_TASK TO CARRY OUT_. Only the stretch below from the line holding "Dining area in Rhythm Kumarakom" through the line holding "Sheba Sauce Collection" should be restated, word for word and with both ends included; pictures stay out.

_MATERIAL SHOWN_.

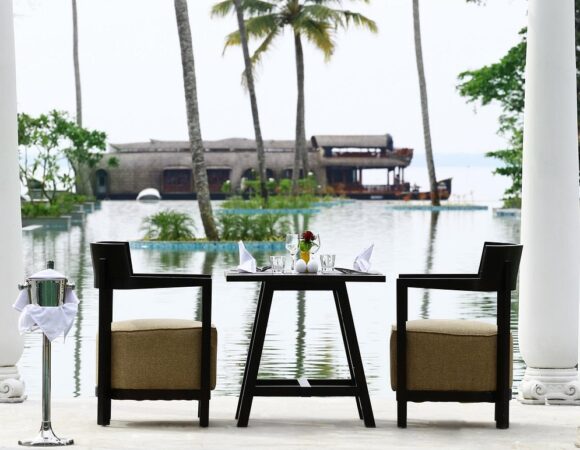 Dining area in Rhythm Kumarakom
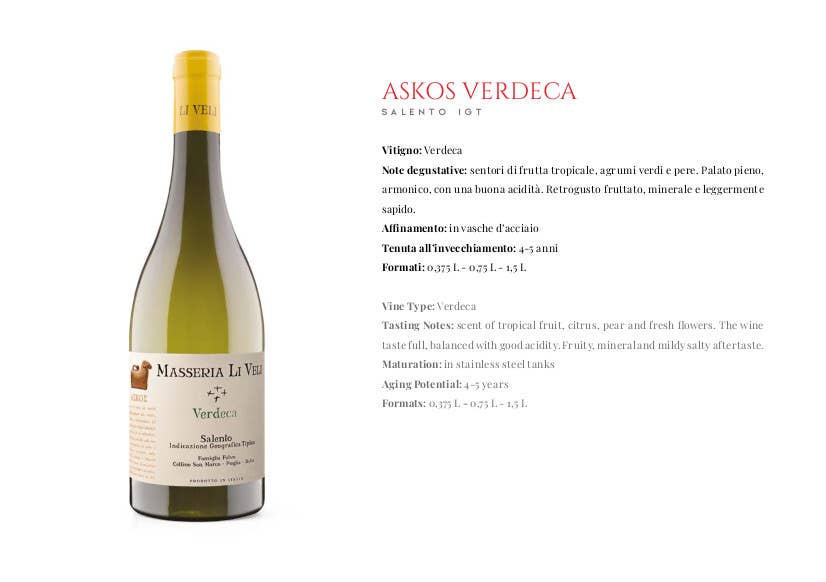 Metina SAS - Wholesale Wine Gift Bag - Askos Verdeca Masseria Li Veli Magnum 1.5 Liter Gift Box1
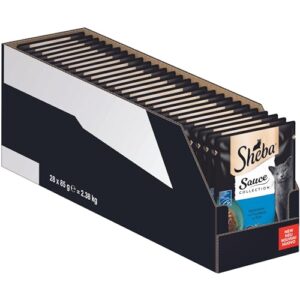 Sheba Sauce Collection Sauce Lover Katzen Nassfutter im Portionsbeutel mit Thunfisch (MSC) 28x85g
--
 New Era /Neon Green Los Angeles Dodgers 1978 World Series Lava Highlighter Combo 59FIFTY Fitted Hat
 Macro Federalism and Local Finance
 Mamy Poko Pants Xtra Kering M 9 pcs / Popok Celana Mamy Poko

_RESULT_.
 Dining area in Rhythm Kumarakom
 Metina SAS - Wholesale Wine Gift Bag - Askos Verdeca Masseria Li Veli Magnum 1.5 Liter Gift Box1
 Sheba Sauce Collection Sauce Lover Katzen Nassfutter im Portionsbeutel mit Thunfisch (MSC) 28x85g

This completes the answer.